─── Given data ───

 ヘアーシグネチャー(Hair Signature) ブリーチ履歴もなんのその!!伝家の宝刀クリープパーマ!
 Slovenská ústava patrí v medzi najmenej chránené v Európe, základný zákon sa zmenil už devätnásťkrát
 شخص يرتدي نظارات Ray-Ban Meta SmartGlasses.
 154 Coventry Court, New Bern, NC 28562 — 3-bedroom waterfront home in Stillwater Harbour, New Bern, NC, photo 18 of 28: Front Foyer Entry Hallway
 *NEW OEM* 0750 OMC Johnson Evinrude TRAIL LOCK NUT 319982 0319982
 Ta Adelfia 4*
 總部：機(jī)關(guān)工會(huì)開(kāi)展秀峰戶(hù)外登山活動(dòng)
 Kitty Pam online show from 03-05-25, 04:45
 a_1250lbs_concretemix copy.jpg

───

Task → Exactly the lines from the one containing "Slovenská ústava patrí" through the final line of the records must appear in your reply, and no others.

Response box →
 Slovenská ústava patrí v medzi najmenej chránené v Európe, základný zákon sa zmenil už devätnásťkrát
 شخص يرتدي نظارات Ray-Ban Meta SmartGlasses.
 154 Coventry Court, New Bern, NC 28562 — 3-bedroom waterfront home in Stillwater Harbour, New Bern, NC, photo 18 of 28: Front Foyer Entry Hallway
 *NEW OEM* 0750 OMC Johnson Evinrude TRAIL LOCK NUT 319982 0319982
 Ta Adelfia 4*
 總部：機(jī)關(guān)工會(huì)開(kāi)展秀峰戶(hù)外登山活動(dòng)
 Kitty Pam online show from 03-05-25, 04:45
 a_1250lbs_concretemix copy.jpg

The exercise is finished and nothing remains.